Typical reactions to advanced technology and artificial intelligence
• Denial: The legal profession is fundamentally different from elevator operators and factory workers. This will not affect us very much.
• Distinguishing: This will affect the big firms, but not small ones like us. This is probably important in big markets like the US or the UK, but it will not have much impact in a small market like ours. This will affect law firms with commodity practices like intellectual property or collections; but it will not significantly change the way that high-end legal services like ours are delivered.
• Deferral: We will figure out what we need to do when the need arises, probably five or 10 years from now.
As Brian Sheppard of the Seton Hall University School of Law observed in 2015, this reaction is not surprising, especially because of the perceived threat to traditional levels of law firm profitability:
It should come as no surprise that many legal services providers are wary of these innovations. Not only must they cope with clients who are unwilling to pay pre-recession rates, they might eventually have to contend with competition from non-lawyers and machines. Some commentators suspect that lawyers, at least certain types of lawyers, could become extinct.³
Responses by managing partners and chairpersons of 398 US law firms, including 45% of the 500 largest, to a survey conducted in 2018 reveal that even in the face of unmistakably disruptive changes in the legal market, most law firms are reluctant to change. In 69% of law firms, partners resist most change efforts. The survey report comments:
Clearly, there was no extinction event that made law firms irrelevant after the recession … Few firms have taken full advantage of the disruption as an opportunity to run with it to distinguish themselves from competitors. Being a thought leader and early adopter of new methodologies and technologies is a clear differentiator that few law firms have embraced.⁴
All this leads to four important forecasts concerning the impact of legal practice technology and artificial intelligence on law firm operations and continued profitability, not far in the future but now:
• Law firms should look at artificial intelligence as a tool to improve productivity, not just operating costs. As with traditional approaches to work process re-engineering in law firms, the principal effects that artificial intelligence will have on the profitability of law firms will come from greater fee-earner productivity, especially for partners and other senior lawyers, rather than from reduced costs. Significant cost reductions will happen, but it is exponentially increased productivity that will have the greater impact on profitability.

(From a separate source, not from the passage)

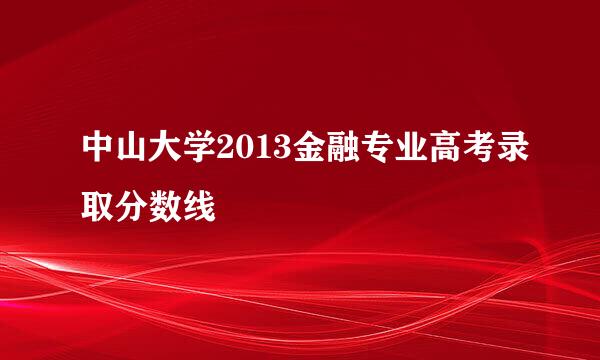 中山大学2013金融专业高考录取分数线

Inexpensive global technology has become the most significant factor in the disruption of the legal services industry. It also is the most important factor in developing a strategy for sustainable profitability.

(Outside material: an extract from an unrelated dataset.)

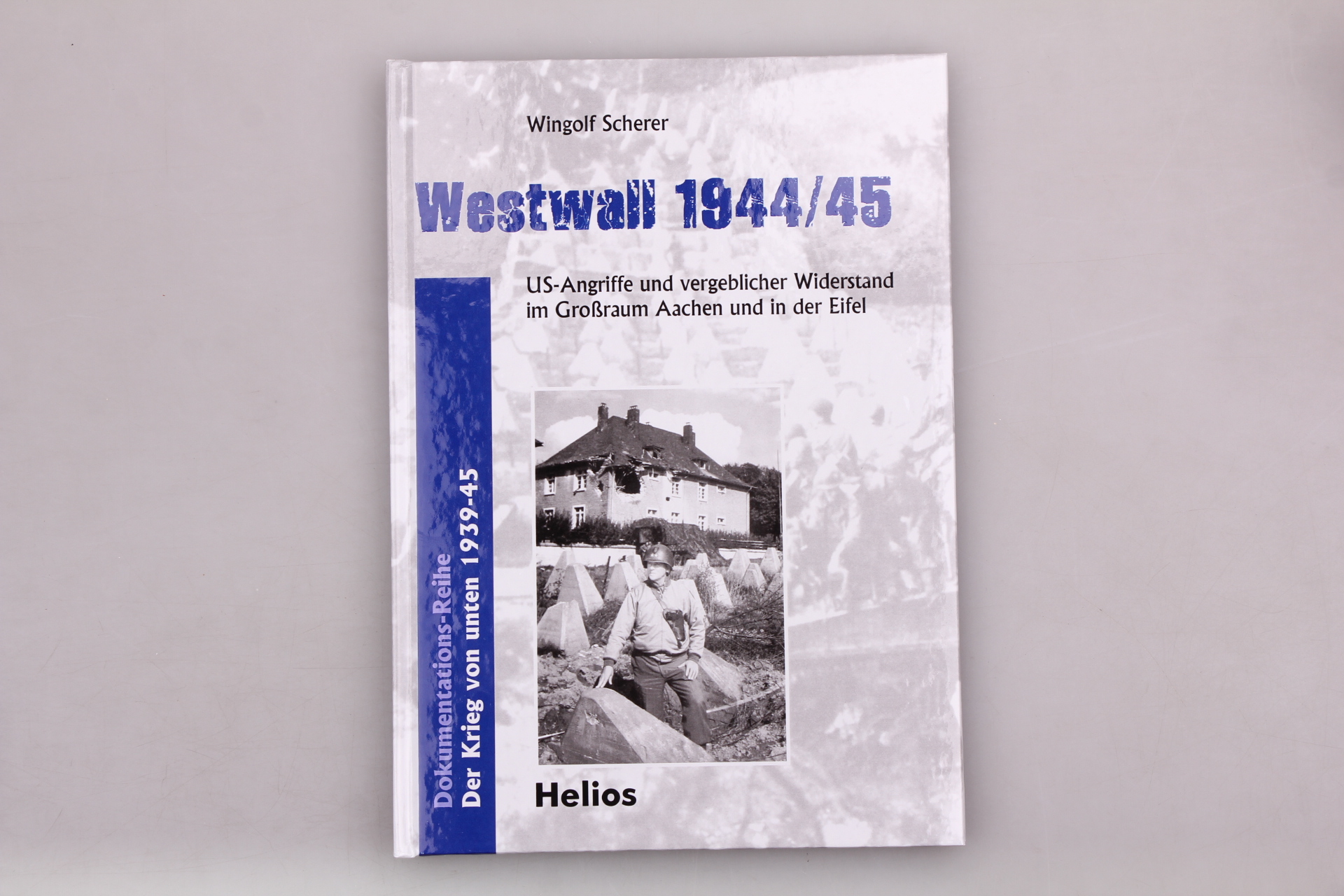 WESTWALL 1944/1945. US-Angriffe und vergeblicher Widerstand im Großraum Aachen und in der Eifel - Scherer, Wingolf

• Most jobs in law firms will not be eliminated, but they will be transformed. Law firms that assume that artificial intelligence will eliminate some clerical and administrative jobs are, at best, only half-correct. Many of the functions now performed by junior associates, trainees and paralegals, such as research, preliminary analysis of a matter and document preparation, will be substantially reduced almost to the point of elimination.